November 19th, 2001
The Premiere OnLine Magazine for the Fly Fishing Enthusiast.
This is where our readers tell their stories . . .
Not a Four-Letter Word
By Johnny Irvin, (Hillfisher)
I spent my childhood life around a generation of ranchers,
farmers and outdoors men who have taught me to respect the
land and animals we share our lives with. Things like;
keep only what you can eat, leave only footprints and
have a lot of fun doing it.
I bring this up because recently I had an experience that
has altered my whole attitude towards teaching new people
in the art of fly fishing. By this I mean that when I have
taught people to flyfish, it was just that, fly fishing.
I never thought to include any conversations on conservation.
Believe me, I do now and this is why...
There was an individual who wanted to go fishing with me
and having known him for several years from work and
swapping many fishing stories, I gladly took him along
for a day of fishing. Now he is not a fly fisher, but
was content to sit on the bank with his bait rig and
catch one large perch after another. We both caught
and released many good size perch that day.
Monday a couple of other people at work were boasting
about catching over a 100 large perch before they
stopped biting! As it turns out he went back with
a couple of buddies and they cleaned out the holes
I shared with him. The fish didn't stop biting,
there weren't any left.
It will be another few years before this area recovers.
So as you can see, conservation is now an entire topic
whenever I am teaching anyone.
Understanding conservation isn't just catch and release,
but when and where as well. Some creeks have wonderful
holes with great fish to catch but their ecosystems are
fragile during certain times of the year.
During the summer some of the smaller rivers here in the
south will dwindle to a small stream with the fish
congregating in pools. During this time the fishing
can be non-stop action. It also means that a fisherman
can de-populate a large section of the water very quickly,
even if catch and release is practiced. The reason is
some creeks will actually stop flowing during the hottest
part of the summer and although the now separated pools
have a nice population of fish, the high water temperatures
and depletion of oxygen can cause a fish to die after you
have caught and released it. At this point they are just
trying to survive until the next rains. It's best to avoid
these areas until they are flowing again.
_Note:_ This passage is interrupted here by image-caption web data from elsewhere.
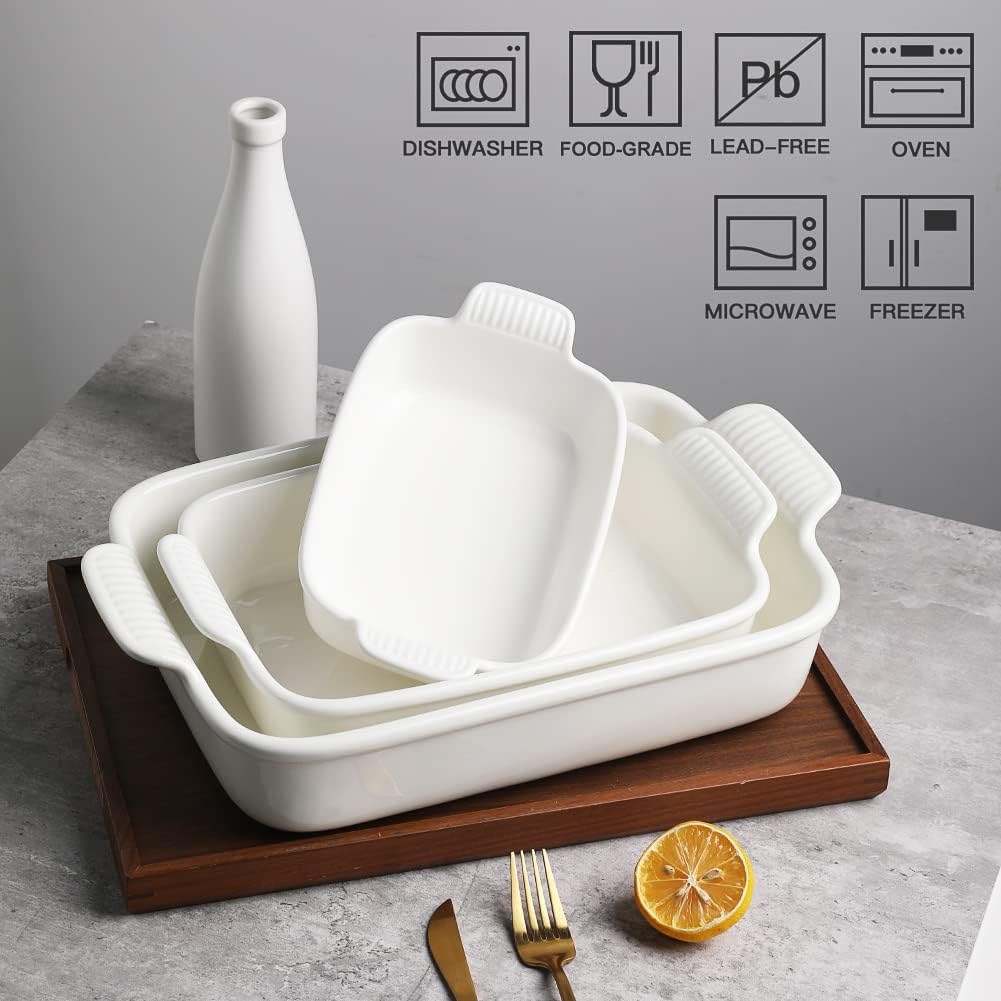Sweejar Baking Pans Set - Durable Ceramic 9x13 Baking Dish with Handle | 3-Piece Casserole Bakeware Set in White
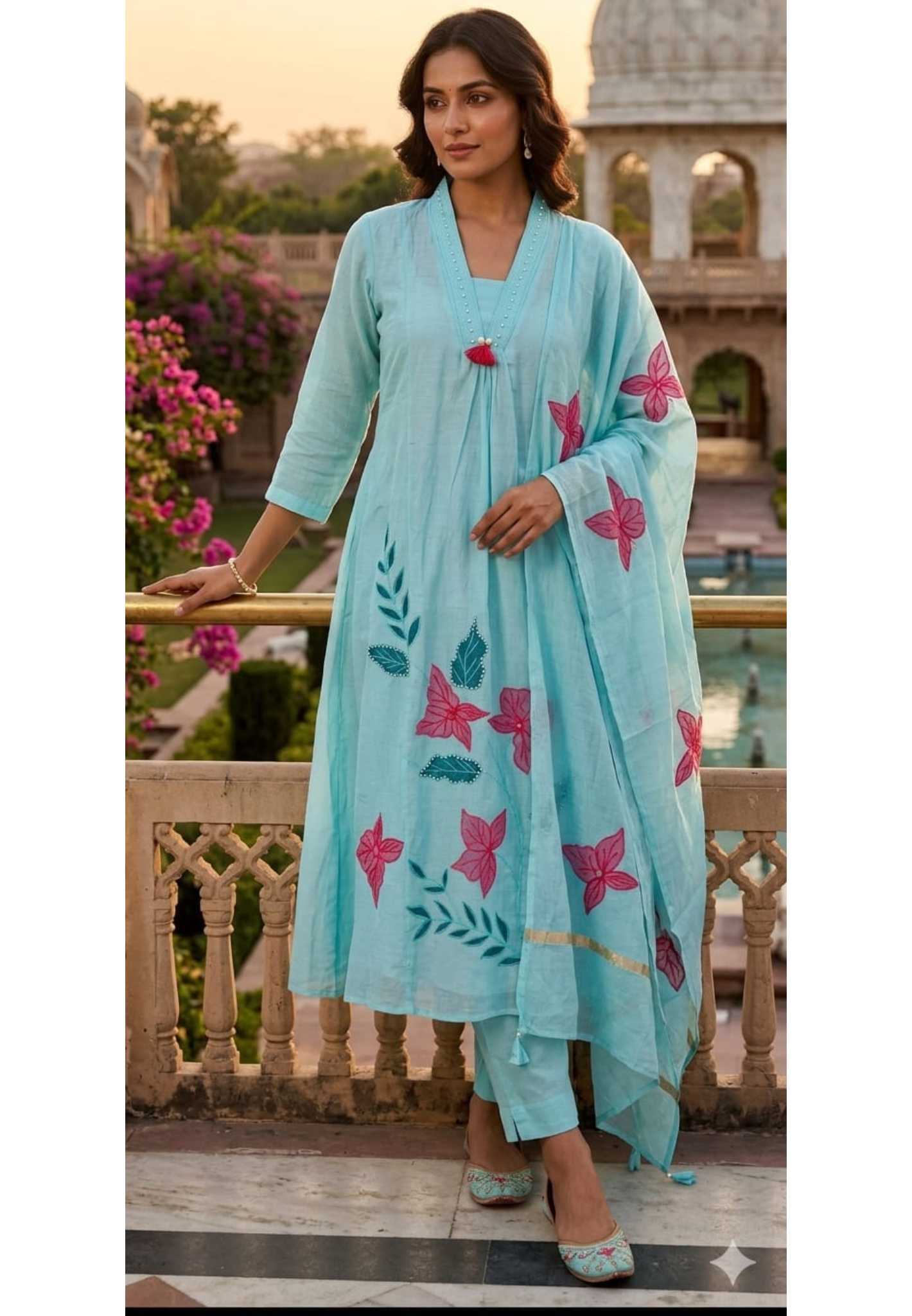 Premium Surat Mul Chanderi A-Line Set with Handcrafted Floral Appliqué Work & Elegant Dupatta 13929 RB41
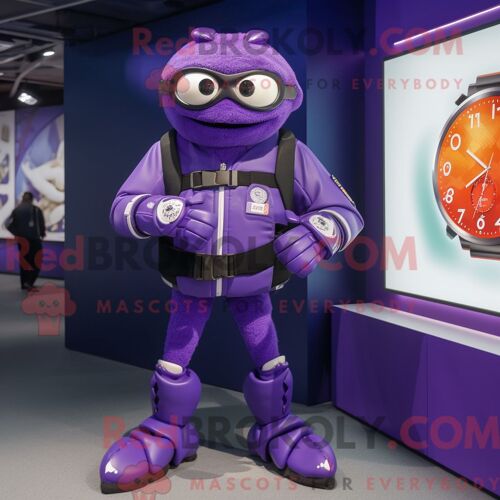 Costume De Mascotte Redbrokoly De Crabe Violet Habillé D Un Blouson Aviateur Et De Montres Intelligentes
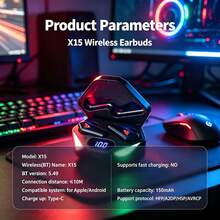 Earphone Bluetooth Gaming Klasik X15, Headphone Nirkabel, Mendukung Pengisian Daya Tipe-C [Kabel Pengisian USB Tidak Termasuk] - View 5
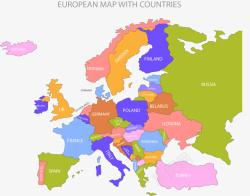 彩色城市欧洲地图素材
There are rivers that flow extremely well all year long.
They have strong flowing springs and maintain a fairly
constant temperature. A great example is the San Marcos
River. It has springs so strong that no matter the season
of the year, the river maintains a constant 74 degrees.
These rivers have good populations of large panfish and
bass. These rivers can be fished throughout the year
with little stress on the fish. Keeping a modest catch
for dinner does not pose a problem. However one has to
remember these fish have an area in which they do not
range out of and you can still deplete that section
of the river by keeping everything caught. If keeping
your catch is a preference, then catch a couple in one
area and move on to other areas for a few more. This
keeps from putting too much stress on the population
of one area.
So the next time you are out on our rivers and streams,
take a look at the conditions and determine if they
are favorable for you . . . and the fish.